In order to begin to answer such questions, BRLI works to explore and activate restoration ecologies at fundamental scales, even prior to consideration of the term’s monetary aspects. For the entirety of human history (and in the opinions of many researchers, the primary reason that humans still exist at all), an economy has functioned as a system of exchange, no matter the ideas or objects exchanged. And systems of exchange depend strongly upon relationships so that they may continue—patterns of expectation, responsibility (the ability to respond), and obligation. This is as true for systems in which people pay for services according to agreement, as it is for hummingbirds that somehow coordinate their northward migrations with sequences of blooming plants that they need for food, and that in turn “require” the birds’ pollination services in order to set seed and reproduce.
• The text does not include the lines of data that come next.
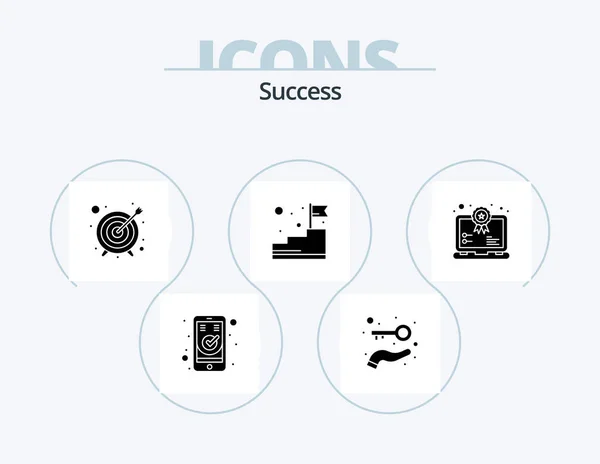 Sucess Glyph Icon Pack Icon Design Bonus Goal Award Flag — Wektor stockowy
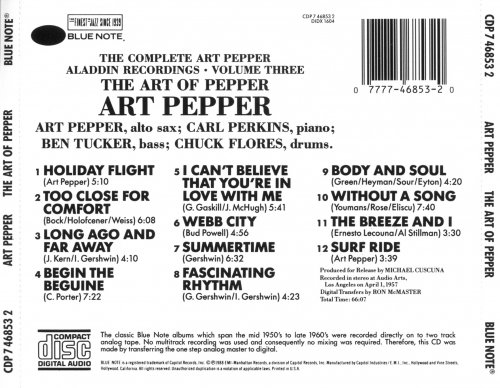 Art Pepper - The Art Of Pepper: The Complete Art Pepper Aladdin Recordings, Vol. 3 (1957) [1987]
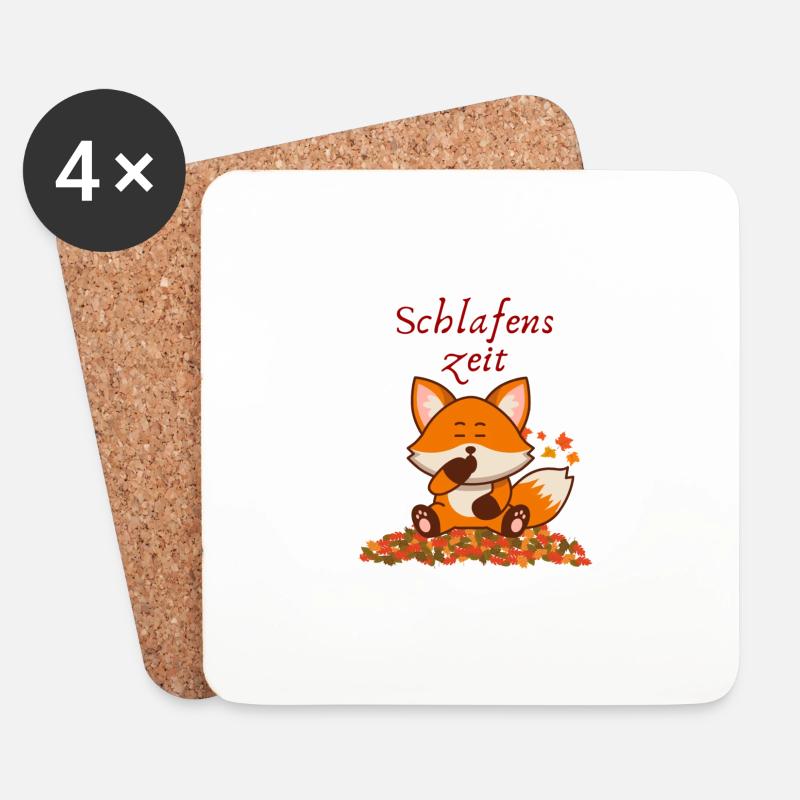 Fuchs, Schlafenszeit - Untersetzer (4er-Set) - Weiß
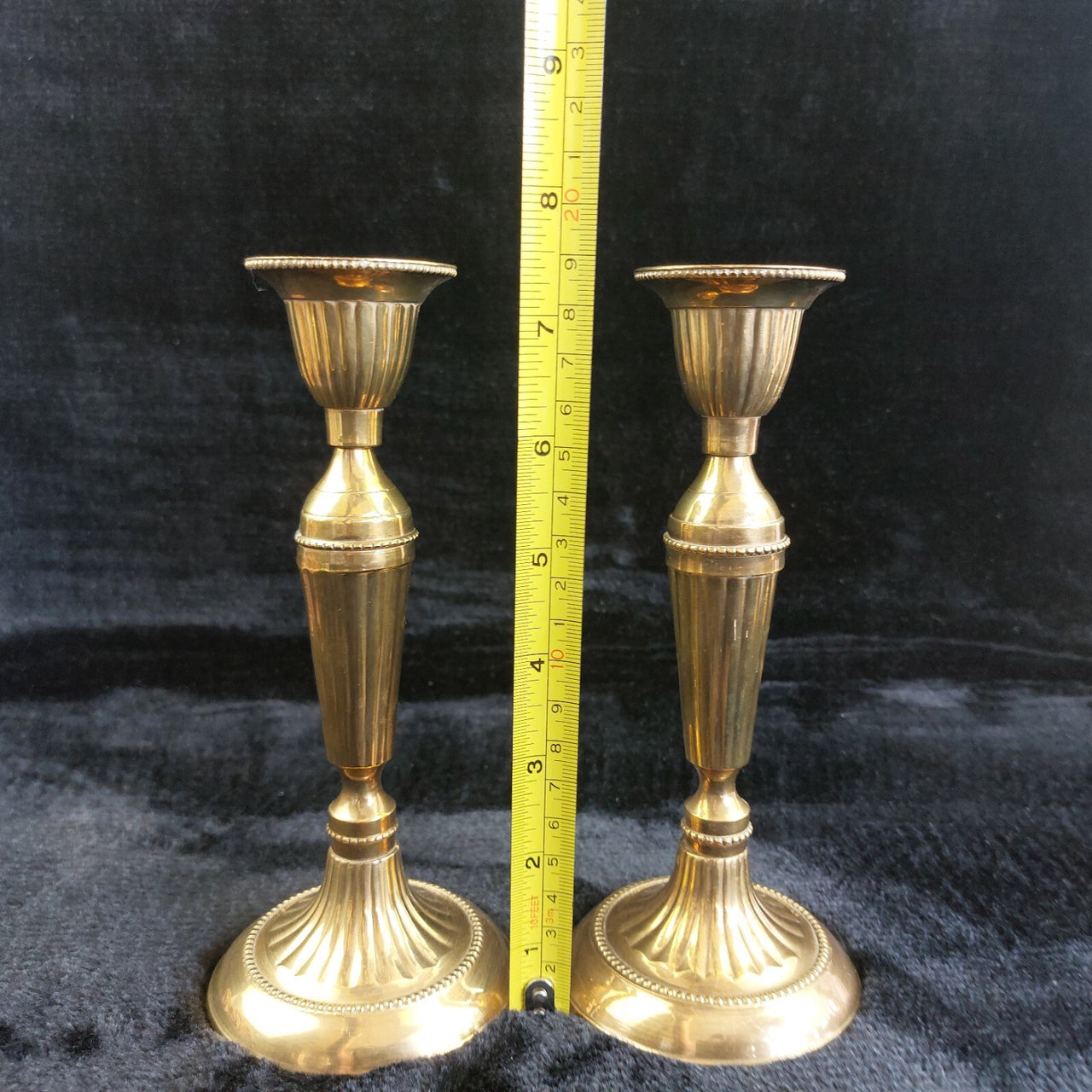 Brass Made in India Pair Ribbed Candle Holders Vintage Solid Brass Candlest 7.5"6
A brief example will help illustrate the human side of the potentials within systems of exchange and relationship, of restoration economies, that are deliberately treated and nurtured as such. A typical landscaper with tools and a vehicle might or might not be considered part of a restoration economy. Certainly there are clients, work done on the ground to facilitate the flow of water, reduce weeds, and improve safety for the client’s house, all within the “house” of the earth. This person might participate in a system of relationships with clients and other practitioners, all restoring function to the landscape and fulfilling the client’s desires. But what about the owner of the local gas station? This person might be considered far outside a restoration economy because he provides thus-far unsustainable fuel that pollutes ecosystems. Or, he might be considered part of such an economy because he provides fuel for the landscaper’s truck, enabling him to complete valuable work although it’s expensive and supplies are sporadic in this scenario.
By considering both deliberation of effort and intention within the system of exchanges and relationships, however, we can strengthen the concept and its effective application. What if the landscaper’s day looked something more like this: After a full day of building water-harvesting structures and planting native plants to support pollinators on a degraded landscape—work which has been designed as part of a complementary system of exchange and relation, one that incorporates the worker’s need for monetary income as part of the larger system—the truck owner deliberately and with full intention chooses to fill up his gas tank at the local, expensive gas station with an unpredictable supply. Why? Because it has been agreed that tending the larger system and its human, non-human, and even abiotic parts in tandem might just create greater resilience for the whole.
Perhaps, with this form of relationship in place, the station owner increases his supplies of fuel because he knows that the worker needs it and will buy it (due to the increased predictability within the system afforded by an active restoration project that requires trucks and people working), and the worker agrees to pay higher prices in order to avoid long drives to other places, but also to keep one of his community members intact as part of the larger system--but also because the restoration economy has provided a platform for people to rethink not only how they relate to places and how to make a living by caring for them, but how they relate to and depend upon one another for many kinds of support at the same time.